The History of Rock Creek Farm
Plains Indians, including Cheyenne and Arapaho, lived in this area prior to the discovery of gold in Boulder County. The women of these tribes were recognized for their quilling or beading. Mothers used extravagantly ornamented cradleboards to transport their babies. She carried her child in its cradle on her back with a buckskin band across her chest and upper arms. On longer trips, the baby in its cradle might have been put into a willow basket attached to a crude vehicle, called a travois, drawn by a dog or horse.
In the late-1850s, miners who came to Boulder County and did not strike it rich, turned to other trades such as farming. Agricultural opportunities in eastern Boulder County gave way to settlements such as Longmont, Valmont, Lafayette, and Pella. Mary Miller was affectionately known as the “Mother of Lafayette.” In 1863, she and her husband came west, bringing the first threshing machine to the Colorado Territory. They ran a large road house and stage station for the Overland Mail Stage Route from 1864 to the 1870s on what is now county open space. Stage traffic at the Rock Creek Station dropped to almost nothing but local trips because of competition from the Denver Pacific and Kansas Pacific railroads. The Millers then ran a successful cattle ranch in the area and meat market in Boulder. Mary Miller founded the town of Lafayette in 1888 and named it for her husband who died of heat stroke in 1878.
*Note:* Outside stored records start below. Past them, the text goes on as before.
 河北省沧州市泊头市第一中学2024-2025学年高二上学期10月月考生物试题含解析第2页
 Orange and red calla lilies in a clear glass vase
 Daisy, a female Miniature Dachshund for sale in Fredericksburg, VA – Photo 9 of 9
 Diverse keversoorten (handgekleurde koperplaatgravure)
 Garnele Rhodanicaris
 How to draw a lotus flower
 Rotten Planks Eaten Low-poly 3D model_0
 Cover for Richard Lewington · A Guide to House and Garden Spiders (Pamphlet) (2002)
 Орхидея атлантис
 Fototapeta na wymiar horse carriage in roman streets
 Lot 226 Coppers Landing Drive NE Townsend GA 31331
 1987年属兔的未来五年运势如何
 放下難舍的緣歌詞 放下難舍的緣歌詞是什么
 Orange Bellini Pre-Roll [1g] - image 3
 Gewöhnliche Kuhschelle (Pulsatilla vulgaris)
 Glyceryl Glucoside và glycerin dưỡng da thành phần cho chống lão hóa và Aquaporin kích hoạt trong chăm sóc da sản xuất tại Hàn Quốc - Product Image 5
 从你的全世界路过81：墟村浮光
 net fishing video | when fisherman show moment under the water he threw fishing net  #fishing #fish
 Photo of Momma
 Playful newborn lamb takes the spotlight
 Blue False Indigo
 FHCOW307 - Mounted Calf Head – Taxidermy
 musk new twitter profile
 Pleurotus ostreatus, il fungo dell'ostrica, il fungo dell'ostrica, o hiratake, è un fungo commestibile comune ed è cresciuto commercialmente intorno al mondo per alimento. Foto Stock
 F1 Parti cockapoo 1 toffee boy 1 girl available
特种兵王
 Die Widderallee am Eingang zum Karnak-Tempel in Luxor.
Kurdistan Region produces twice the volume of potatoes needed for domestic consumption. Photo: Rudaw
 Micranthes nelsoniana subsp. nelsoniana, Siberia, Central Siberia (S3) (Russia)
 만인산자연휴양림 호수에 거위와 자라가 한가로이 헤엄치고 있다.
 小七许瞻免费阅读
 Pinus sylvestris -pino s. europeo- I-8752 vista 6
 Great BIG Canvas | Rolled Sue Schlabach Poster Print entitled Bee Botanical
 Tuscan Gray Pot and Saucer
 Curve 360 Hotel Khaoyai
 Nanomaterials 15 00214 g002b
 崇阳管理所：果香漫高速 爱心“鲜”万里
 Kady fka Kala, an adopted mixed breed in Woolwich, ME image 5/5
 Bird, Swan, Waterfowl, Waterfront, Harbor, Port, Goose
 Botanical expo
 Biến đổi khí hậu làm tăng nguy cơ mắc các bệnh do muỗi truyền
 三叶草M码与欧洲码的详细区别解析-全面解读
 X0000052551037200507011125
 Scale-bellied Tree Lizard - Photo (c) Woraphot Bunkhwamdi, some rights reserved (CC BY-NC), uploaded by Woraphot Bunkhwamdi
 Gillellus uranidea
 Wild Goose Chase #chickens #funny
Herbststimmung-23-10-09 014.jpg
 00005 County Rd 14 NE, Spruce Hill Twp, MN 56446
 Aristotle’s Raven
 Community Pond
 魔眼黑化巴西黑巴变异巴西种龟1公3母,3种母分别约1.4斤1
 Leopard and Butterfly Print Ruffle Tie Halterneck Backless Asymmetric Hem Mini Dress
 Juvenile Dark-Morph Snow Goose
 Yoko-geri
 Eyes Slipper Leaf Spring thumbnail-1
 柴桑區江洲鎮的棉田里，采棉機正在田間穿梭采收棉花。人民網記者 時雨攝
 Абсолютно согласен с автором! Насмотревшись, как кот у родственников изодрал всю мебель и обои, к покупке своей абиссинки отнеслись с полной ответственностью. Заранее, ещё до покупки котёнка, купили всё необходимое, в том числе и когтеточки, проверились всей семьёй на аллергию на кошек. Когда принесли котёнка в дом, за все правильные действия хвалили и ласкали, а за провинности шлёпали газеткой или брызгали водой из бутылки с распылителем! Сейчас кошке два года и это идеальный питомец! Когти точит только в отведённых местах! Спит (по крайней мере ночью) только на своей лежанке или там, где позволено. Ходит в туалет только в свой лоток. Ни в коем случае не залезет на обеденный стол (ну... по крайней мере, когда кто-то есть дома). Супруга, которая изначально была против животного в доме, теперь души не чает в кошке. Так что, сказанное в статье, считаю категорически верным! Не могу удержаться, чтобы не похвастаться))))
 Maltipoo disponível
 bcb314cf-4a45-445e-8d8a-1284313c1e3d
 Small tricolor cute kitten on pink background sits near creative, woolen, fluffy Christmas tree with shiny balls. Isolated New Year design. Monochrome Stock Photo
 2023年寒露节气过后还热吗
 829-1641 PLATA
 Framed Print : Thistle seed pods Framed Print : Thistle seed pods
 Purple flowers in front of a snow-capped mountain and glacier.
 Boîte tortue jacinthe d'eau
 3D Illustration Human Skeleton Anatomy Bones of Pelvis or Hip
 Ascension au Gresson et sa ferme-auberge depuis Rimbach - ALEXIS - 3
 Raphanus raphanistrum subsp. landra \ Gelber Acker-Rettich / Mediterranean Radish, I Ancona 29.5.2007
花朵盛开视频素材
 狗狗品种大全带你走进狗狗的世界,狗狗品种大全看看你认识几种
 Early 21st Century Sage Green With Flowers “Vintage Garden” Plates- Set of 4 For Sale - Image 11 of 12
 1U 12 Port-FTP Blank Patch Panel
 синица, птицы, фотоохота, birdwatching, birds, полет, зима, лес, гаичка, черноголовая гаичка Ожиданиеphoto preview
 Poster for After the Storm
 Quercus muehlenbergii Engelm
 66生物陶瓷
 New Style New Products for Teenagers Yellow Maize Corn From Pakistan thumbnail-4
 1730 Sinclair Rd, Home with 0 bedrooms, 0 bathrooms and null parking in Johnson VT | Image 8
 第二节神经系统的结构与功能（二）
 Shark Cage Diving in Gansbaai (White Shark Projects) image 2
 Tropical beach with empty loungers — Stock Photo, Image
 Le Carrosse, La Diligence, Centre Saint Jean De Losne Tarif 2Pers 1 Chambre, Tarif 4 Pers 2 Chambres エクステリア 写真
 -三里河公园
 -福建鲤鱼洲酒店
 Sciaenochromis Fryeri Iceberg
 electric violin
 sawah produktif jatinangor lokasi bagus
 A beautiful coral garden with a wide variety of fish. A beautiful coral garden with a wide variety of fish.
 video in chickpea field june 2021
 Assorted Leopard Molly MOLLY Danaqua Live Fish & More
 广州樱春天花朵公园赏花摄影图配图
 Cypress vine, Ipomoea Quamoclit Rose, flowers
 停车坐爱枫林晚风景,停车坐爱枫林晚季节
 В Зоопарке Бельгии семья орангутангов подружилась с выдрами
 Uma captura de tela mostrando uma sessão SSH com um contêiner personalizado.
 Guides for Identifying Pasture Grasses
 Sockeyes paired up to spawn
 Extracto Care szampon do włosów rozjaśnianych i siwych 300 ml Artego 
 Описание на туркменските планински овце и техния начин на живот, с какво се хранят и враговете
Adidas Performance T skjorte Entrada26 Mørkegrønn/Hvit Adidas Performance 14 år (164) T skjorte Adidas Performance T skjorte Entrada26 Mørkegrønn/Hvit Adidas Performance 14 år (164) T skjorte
Boulder County purchased a portion of the Rock Creek Valley for agricultural preservation in 1980. Since that time, open space has provided a large buffer between the growing communities in southeastern Boulder County. It was the first acquisition which the then open space director, Carolyn Holmberg, promoted in 1979. After her death in the fall of 1998, Rock Creek Farm was rededicated to include her name in 2000.